Fase final de la negociación de una hipoteca
Esta es una anotación sobre las aplicaciones prácticas de la Ley del Embudo, una normativa que en ningún caso fue derogada por la Constitución, como a veces creen algunos incautos.
Como sabéis, soy de la opinión de que uno de nuestros mayores problemas es que perdemos la perspectiva de lo que significan las palabras, y una vez extraviado su valor no es difícil tergiversar el concepto que describían.
La hipoteca es un hecho económico antiguo, ya conocido entre los griegos y posteriormente desarrollado por los romanos, verdaderos maestros en temas jurídicos. Entre los romanos existían dos figuras, la prenda (o pignus, y de ahí viene la palabra pignoraticio, por ejemplo) y la fiducia. La prenda era un contrato muy parecido al de nuestros días, en el que el acreedor se quedaba coon el bien si no se realizaba el pago por medio del deudor; en el caso de la fiducia, se daba el bien previamente y se recuperaba al pagar la deuda, un poco al estilo de las casas de empeño.

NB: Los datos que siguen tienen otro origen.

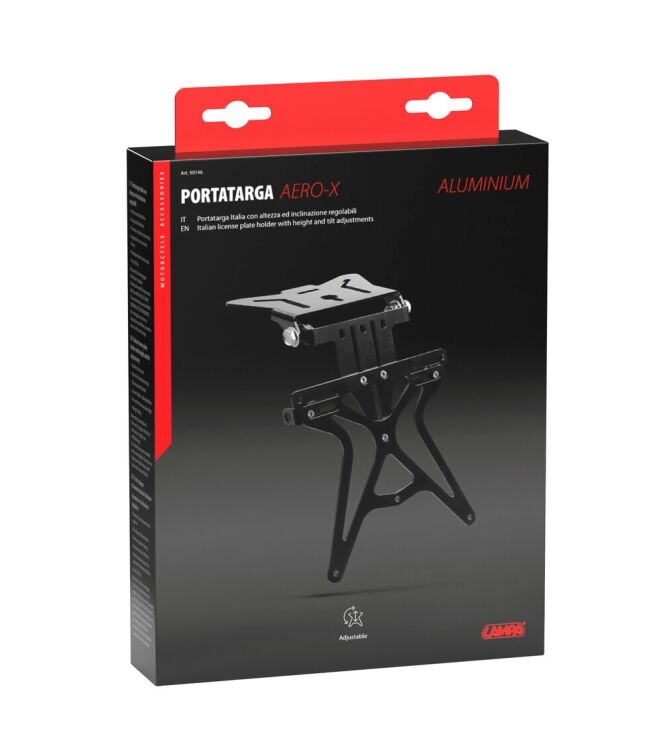 Lampa Aero-X kentekenplaat houder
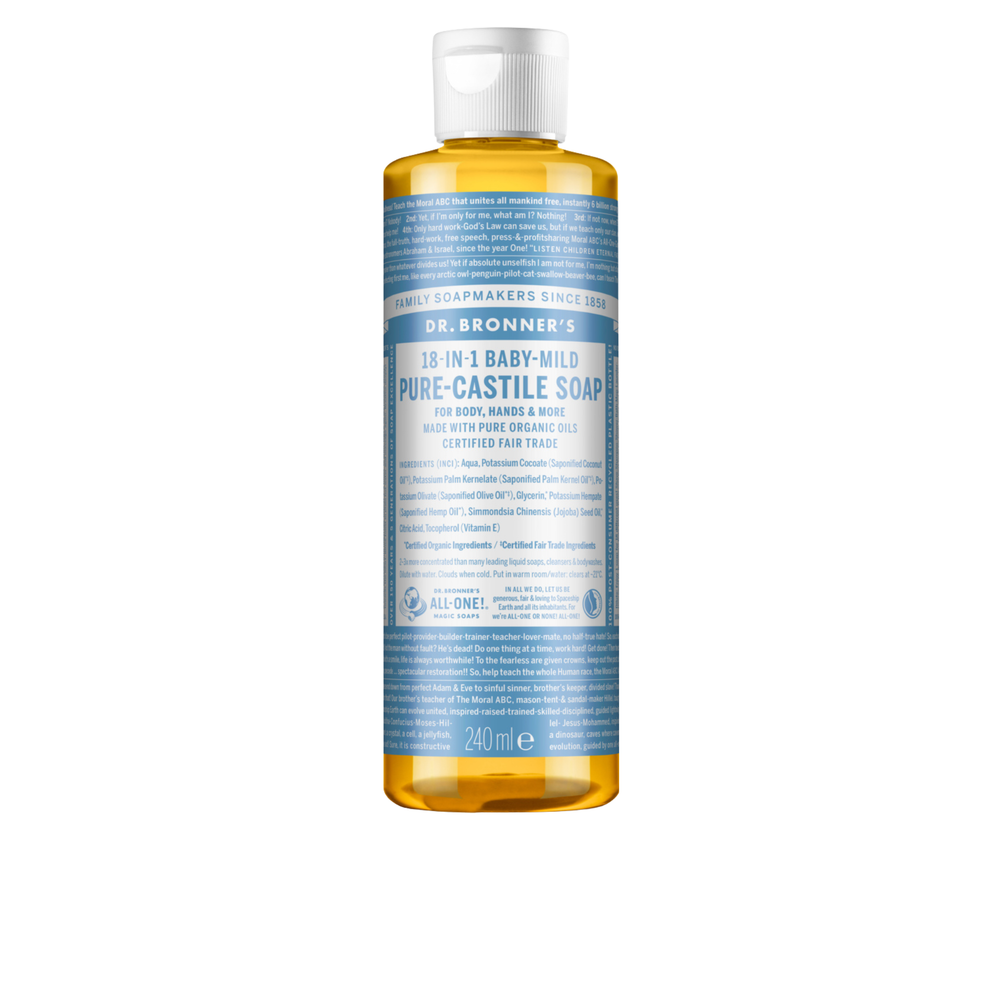 Sabonete Líquido Biológico De Castela - Soft Baby - 240 ml - Dr. Bronner’s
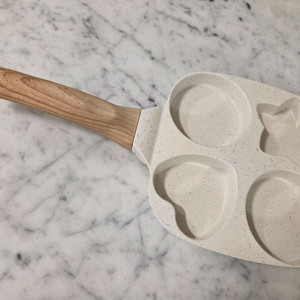 크림도트 인덕션 4구 하트 에그팬 후라이팬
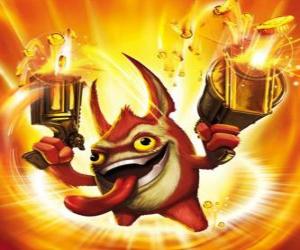 Rompicapo di Skylander Trigger Happy, il re del grilletto. Tech Skylanders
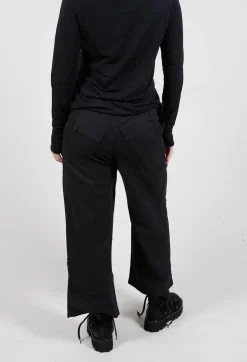 Rundholz Black Label Trousers^Straight Leg Utility Trousers in Black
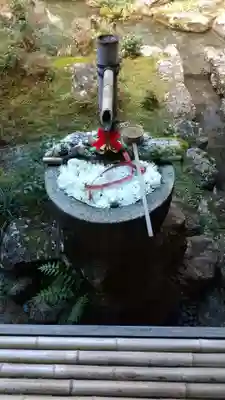 柳谷観音 楊谷寺の手水舎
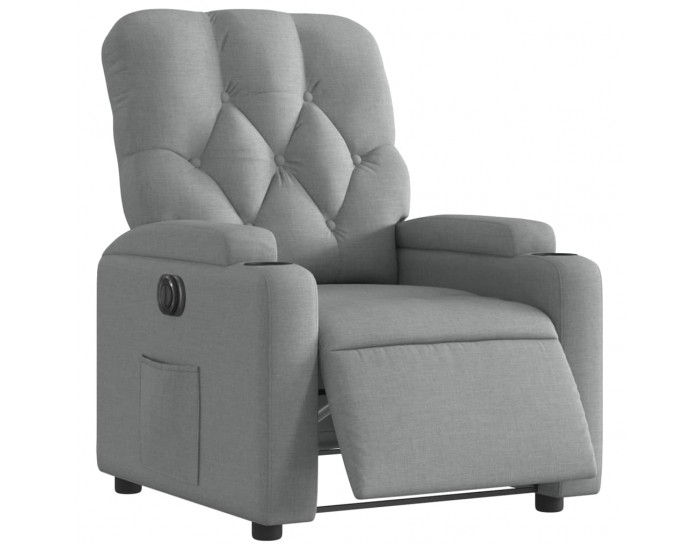 Sonata H Електрически наклоняем стол, светлосив, текстил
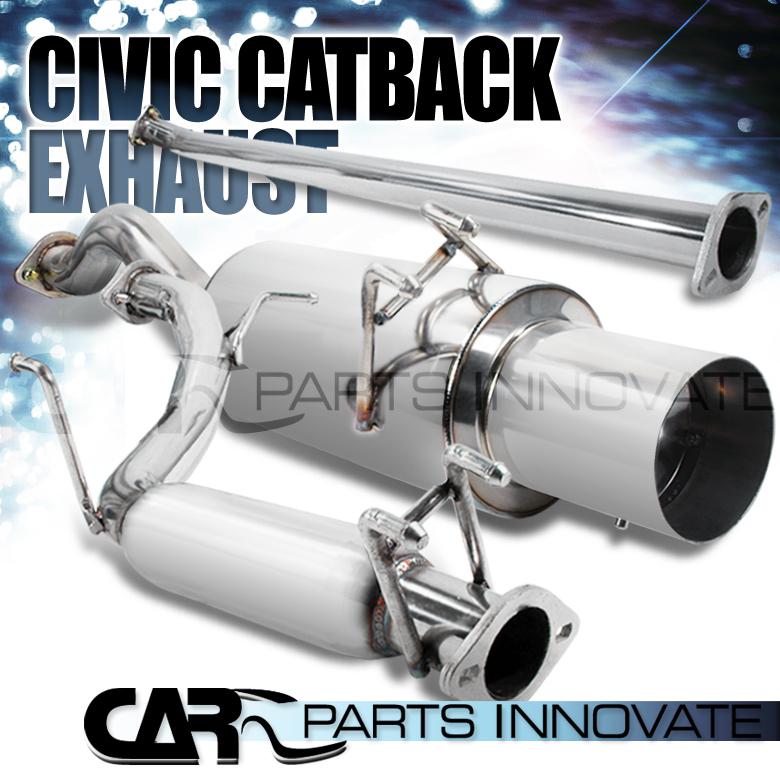 06-11 honda civic 4dr ex dx lx ss catback exhaust muffler system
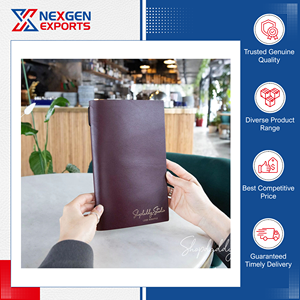 Agente con la Mejor Calificación Ofrece Porta Menús Personalizado de Lujo con Estampado Dorado de Calidad Superior para Uso en Restaurantes - Product Image 2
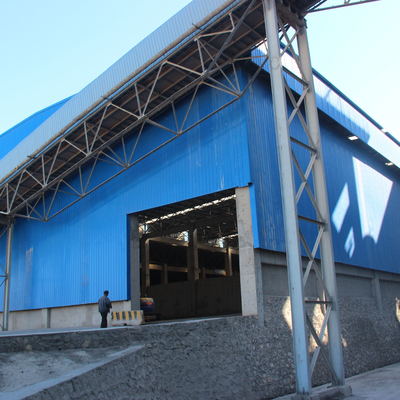 PU Factory Warehouse Warehouse Roof Structure 50mm 120mm Customized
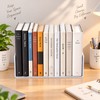 Multi Compartment Desktop Books Stand Organizer For Students Books And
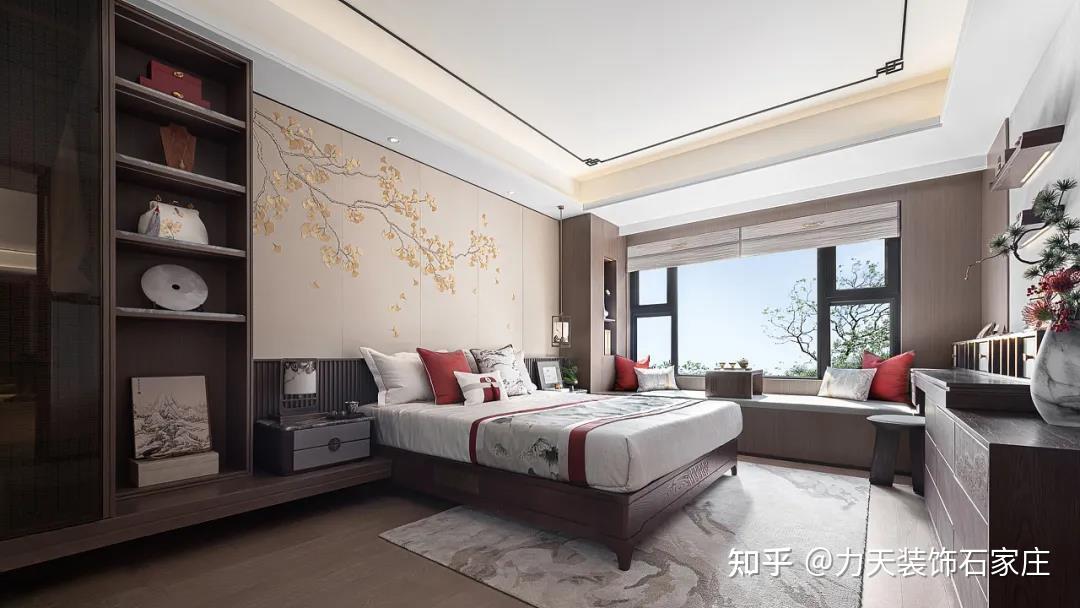 140㎡户型的新中式设计 以端庄、古典为理念 - 知乎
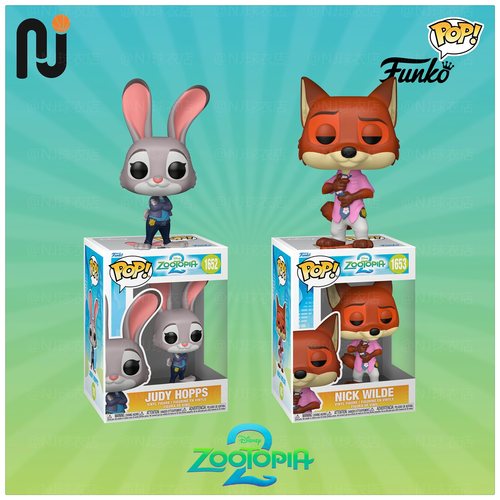 Funko Pop! 疯狂动物城/Zootopia 朱迪尼克 潮流玩具公仔手办玩偶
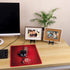 Petutu 6 Pack 4 Inch Wooden Display Stand Plate Easels Holder (Black)...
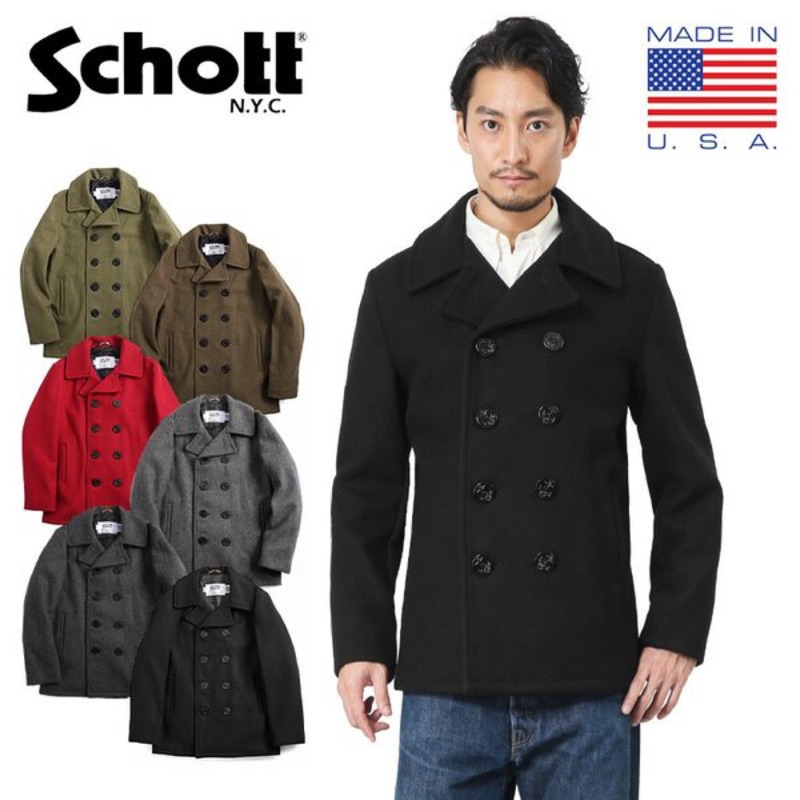 Schott 753us Pea Coat 海軍大衣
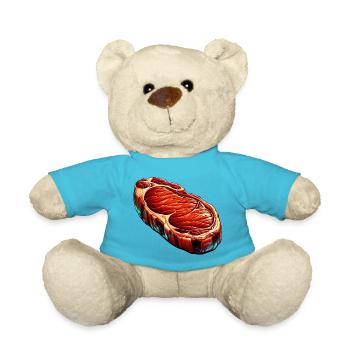 Viande | Griller - Nounours - bleu outremer - Devant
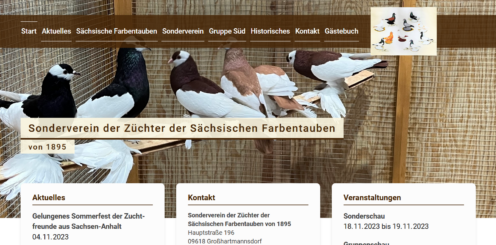 Sächsische Farbentauben Verband Deutscher Rassetaubenzüchter e.V.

La hipoteca siguió avanzando por el mismo camino durante la Edad Media, en que el señor se quedaba con las tierras de los hombres libres si estos no devolvían los préstamos y evolucionó aparentemente hasta la figura actual, con la leve e insignificante diferencia de que en la actualidad la hipoteca llega más allá del bien hipotecado.
Por esto mismo, exactamente, entiendo yo que la hipoteca es un contrato abusivo. Analicémoslo:
La hipoteca es un contrato por el que se presta una cantidad de dinero a cambio de la posibilidad de quedarse con la propiedad del bien si el deudor no paga. Hasta ahí, bien.
¿Por qué, entonces, se pueden reclamar otros bienes del hipotecado, extralimitándose claramente del alcance de la figura hipotecaria? ¿Por qué responde el hipotecado con sus bienes presentes y futuros por el monto total de lo prestado?
Porque en realidad no estamos ante una hipoteca, aunque se llame así, sino ante un crédito doblemente garantizado, primero con garantías reales (el inmueble) y luego con garantías personales (el patrimonio presente y futuro del deudor). Y la garantía que se extiende más allá de los fines del contrato es fraudulenta. Tan fraudulenta como extender el seguro de pasajeros de un coche a una semana después de que te bajes del vehículo.
Tened en cuenta, no obstante, que he dicho fraudulento, no ilegal. Es importante recordar que fraudulento e ilegal, en este país, son dos conceptos completamente distintos.